We still need such tools today. Contemporary psychologies will not help us. Neuroscience can illuminate physiologically determined mental illnesses, such as some varieties of schizophrenia, but it has virtually nothing to say about the everyday craziness that once went under the name “neurosis,” much less the irrational patterns that run through human history. Likewise, cognitive psychology, as the psychology of rational choice, “happiness studies,” and economics, has nothing to say about the madness that runs through our political life. Today, accordingly, we still need Political Freudianism.

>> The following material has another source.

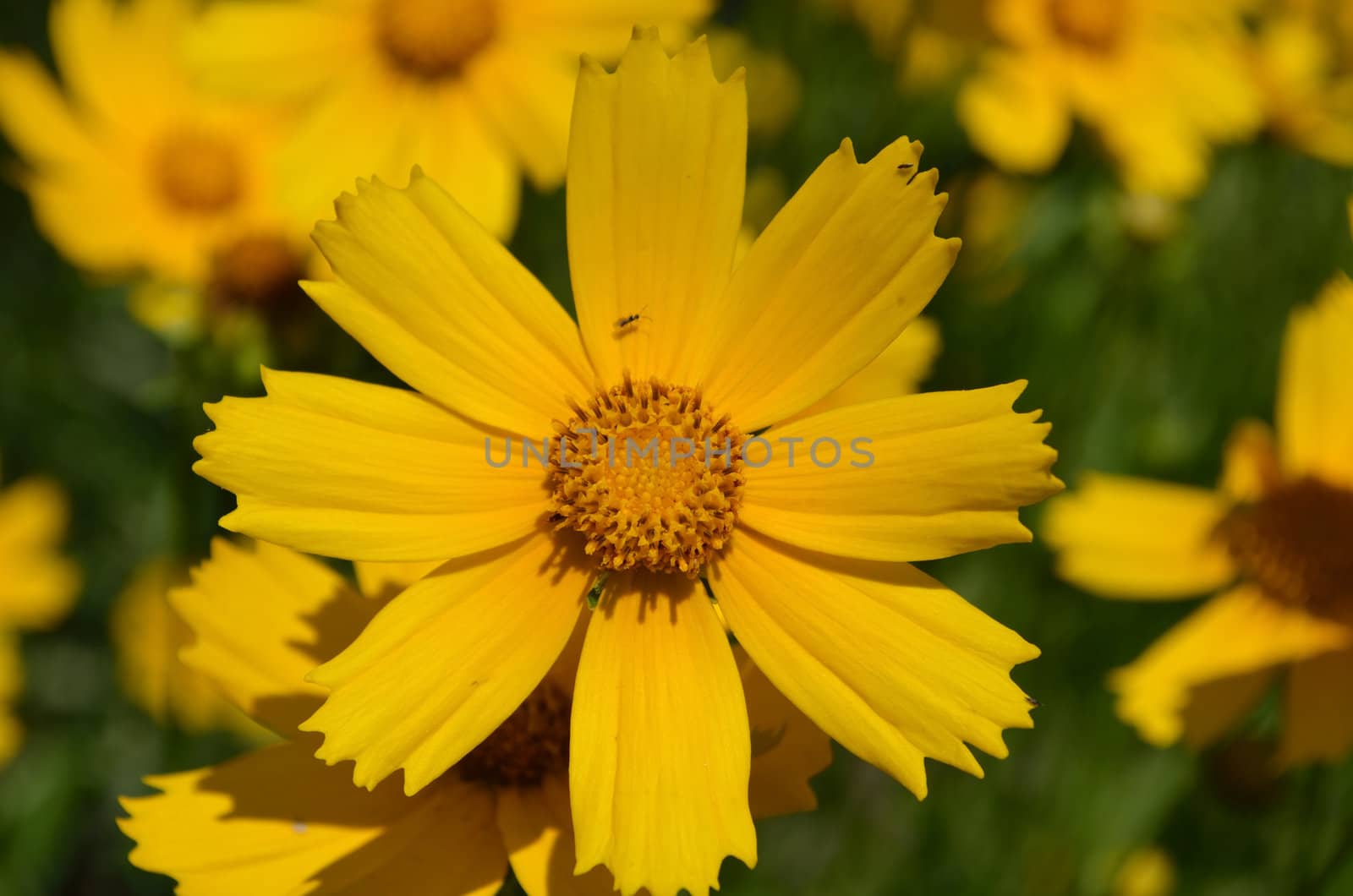 Yellow flower on a meadow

To be sure, there were good reasons why progressives criticized Freudianism in the 1960s and 70s and I am not suggesting that we return to discredited ideas. But it is also the case that the rise of neo-liberalism and of globalized financial capitalism was accompanied by an enormous intellectual counter-revolution, one that suppressed knowledge of both the individual unconscious and of the unconscious social and political forces that characterize modern society. My new book, Political Freud, which tells the story of these earlier struggles, aims to reintroduce one of the most important currents of modern radical thought.